Ok, HE is fine today in his soon-to-be 20 year life span. Everyone who knows me is very concerned about what will happen when his time is no longer on this earth. I don't even want to think about it is the most I can say. I love him so much because his love is unlike that of ANY human but like that of The Almighty... UNCONDITIONAL!!

2 comments:

  1. tell you what di...i always liked animals.
    my parents always wondered where that does come from (laughs, must have skipped a generation i guess). so when i was lil, for a very long time i kept begging for a pet. i was thinking of a furry something to play with and cuddle and whatever and what did they get me? a budgie! seriously that is not an animal to be kept alone in a cage and certainly not in the responsibility of an 8 year old who is really disappointed that he doesn't want to be cuddled...
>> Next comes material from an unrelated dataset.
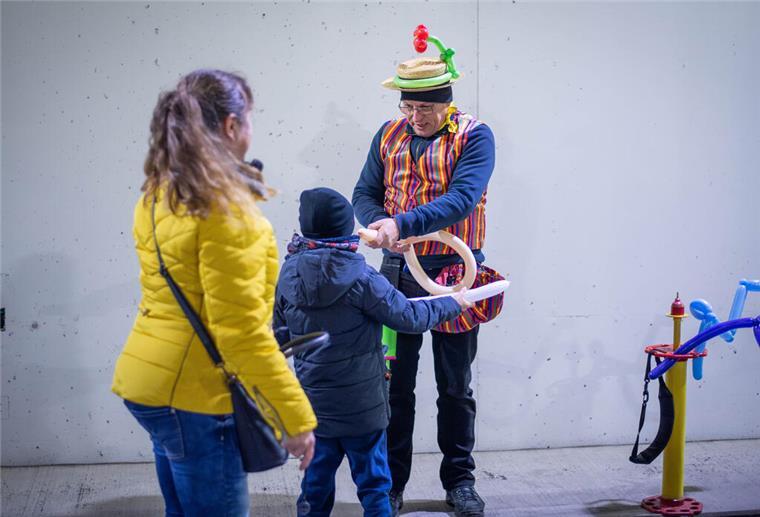 Ein Spaziergang durch den Hafentunnel: Die schönsten Bilder von der Eröffnung Ballonkünstler Carsten Rugmann sorgte für Unterhaltung.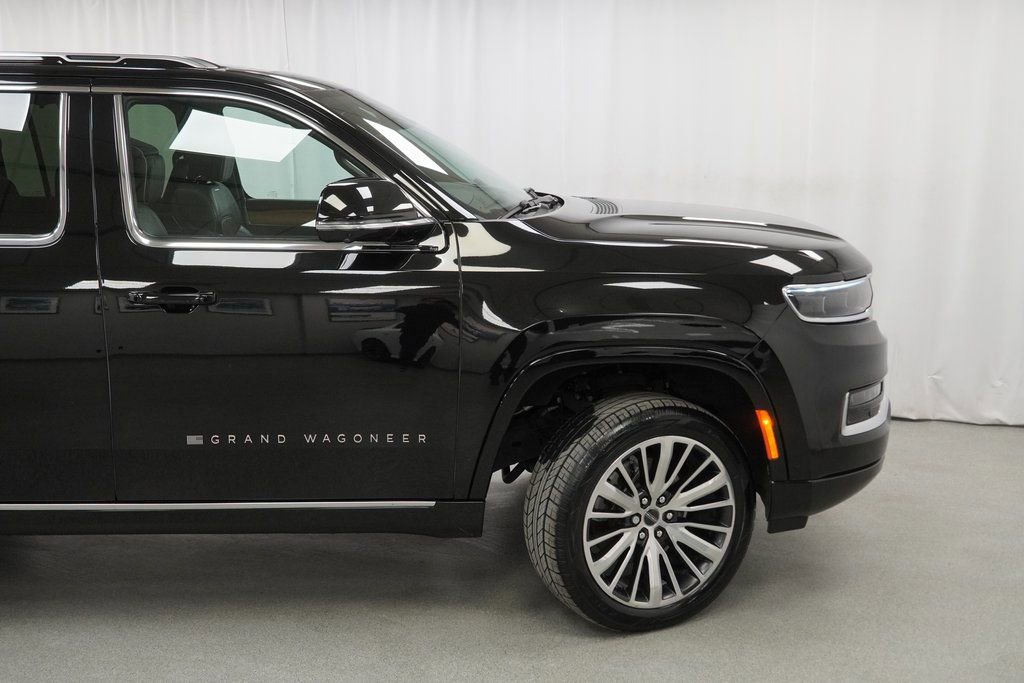 Certified 2024 Jeep Grand Wagoneer Series III w/ Rear Seat Video Group 1 image 11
    so, whenever my mom went to the supermarket, i was waiting outside for someone who leashed their dog outside...then i had something to cuddle and the dog didn't get bored...i even asked the owners, if they'd mind if i'd take a walk with the dog from time to time...hahaha...

    now, if you think that was really dangerous thing to do - i spent my childhood in the east of germany, so behind the "iron curtain". and you can say obout that country what you want, it was perfectly safe to leave your dogs and your kids (even in a baby carriage)...

    anyways, some twenty years later i'm so fed up with 'socializing' with humans or even working with them that i am about to become a zoo animal keeper...who cares about the low wages if you have a job environment that makes you at least smile once a day...

    ReplyDelete
  2. Ok, I know I responded to this... didn't I????????????